Basic Motion and Energy Concepts, Engineering Design Process

Wind Turbine Concept Map

Project 2061 Benchmark/MA Framework (UBD Established Goals)

Technology/Engineering, Grades 6-8 Learning Standards

Materials, Tools, and Machines

1.1, 1.2, 1.3

Engineering Design

2.1, 2.2, 2.3, 2.4, 2.5, 2.6

Physical Science

Motions of Objects 11
Forms of Energy 13

Earth and Space Science

Heat Transfer in Earth's Systems 4

Big Ideas/Enduring Understandings:

Students will understand that…

Because wind is moving matter, it contains energy that can be harnessed.

Maximizing efficiency is a critical concept in generating electrical power

Many variables determine the output of a wind turbine.

Although energy is conserved, it can change form and this form change can be harnessed for use.

The engineering design process is a useful tool for solving a variety of engineering problems.

Essential Questions:

What’s the most efficient way to design wind turbines in order to maximize the production of electrical energy?

How feasible is wind power as a source of electricity?

What is the role of wind energy in meeting our energy demands?

Students will know …. (Learning Expectations)

Basic Motion Concepts - Speed, Velocity, Acceleration, Forces, Newton’s Laws, Aerodynamics, Lift, Drag, Inertia, Friction

How electricity is generated and power is measured.

Work and Energy concepts:

What “work” means in scientific terms.
Conservation of Energy
Energy Transfer
Efficiency

Role of wind power in sustainable technologies/energy sources.

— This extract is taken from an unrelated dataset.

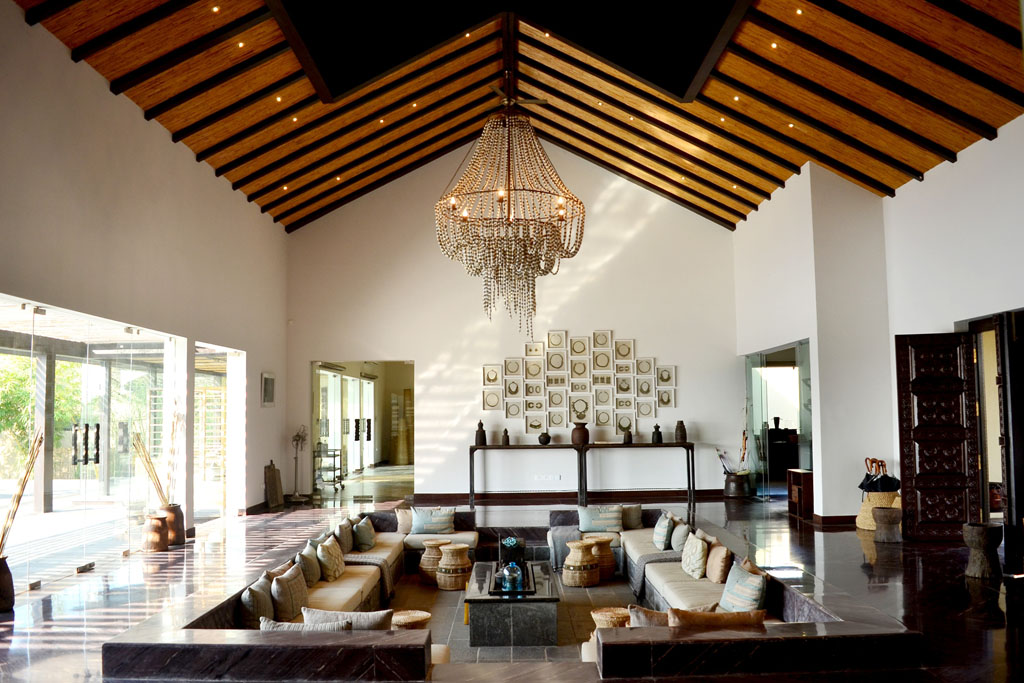 luxurious villas of Meghauli Serai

Engineering Design Process

Students will be able to:

complete the engineering design cycle when given specific criteria, materials and constraints

use the design process to evaluate the effect of variables such as blade mass, angle, size, curvature, material, number of blades, area, shape, etc. in solving their problem ie. producing electricity.

identify evidence of lift and drag forces interacting in the system

identify action-reaction forces.

explain how a wind turbine converts the wind’s mechanical energy into electrical energy.

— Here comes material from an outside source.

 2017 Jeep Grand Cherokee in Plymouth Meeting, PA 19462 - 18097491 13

explain the effect of mass (inertia) on the ability of an object to be accelerated.

measure current and voltage and calculate power

demonstrate the connection between electrical power and mechanical power.

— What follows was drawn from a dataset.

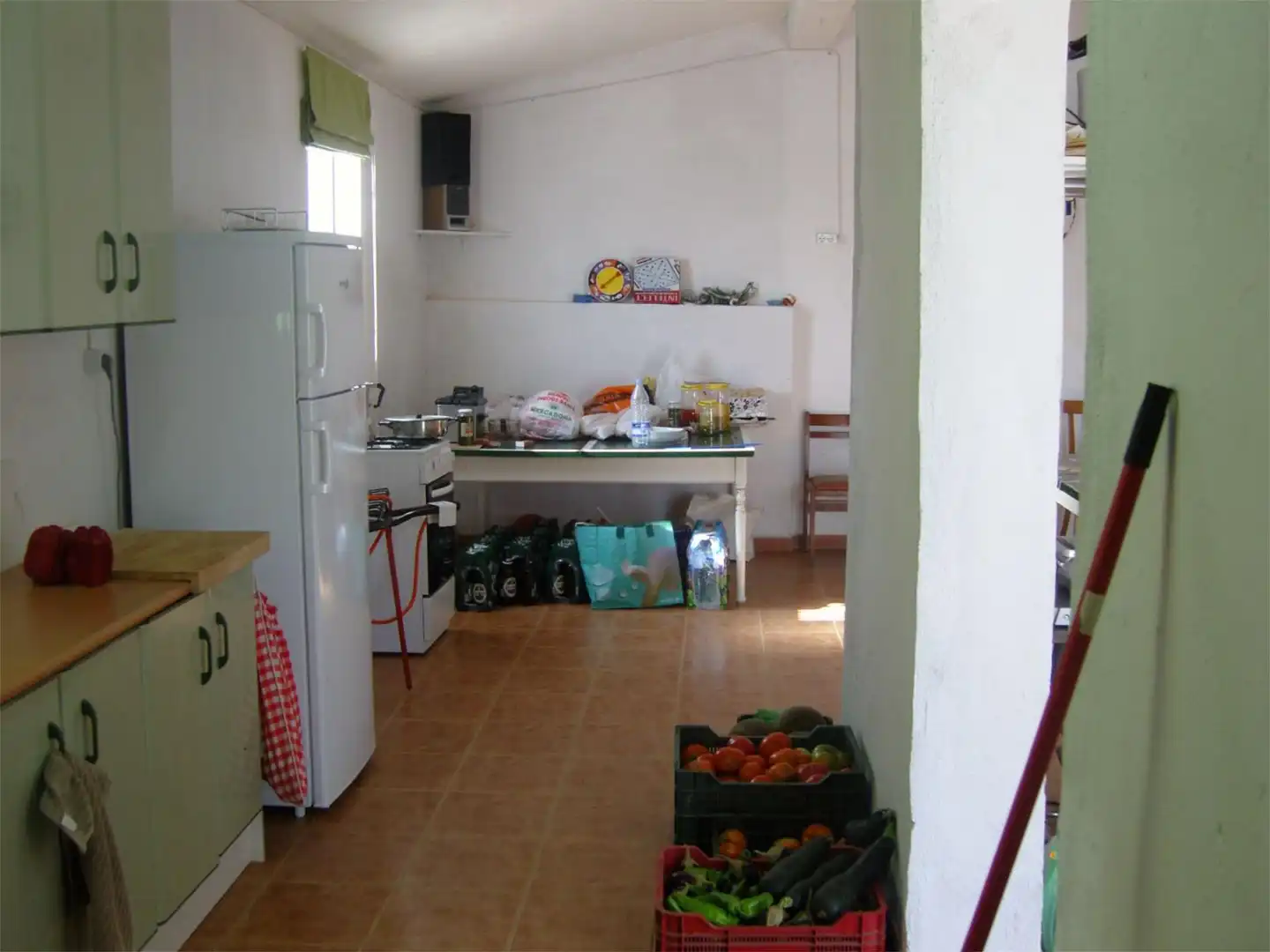 Casa adosada en venta en Calle Jaen, 47, Villatorres Cocina de Casa adosada en venta en Villatorres con Aire acondicionado, Terraza y Trastero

evaluate the use of wind power as one possible source of energy for meeting energy demands in a more sustainable way.

Nature of Science/ Inquiry Skills

“Fair Test” – testing of one variable at a time

Measurement

Using models to test ideas

Using models to represent thinking and understanding

Observing vs. Inferring

Explaining one’s results in terms of established scientific ideas and evidence from an experiment.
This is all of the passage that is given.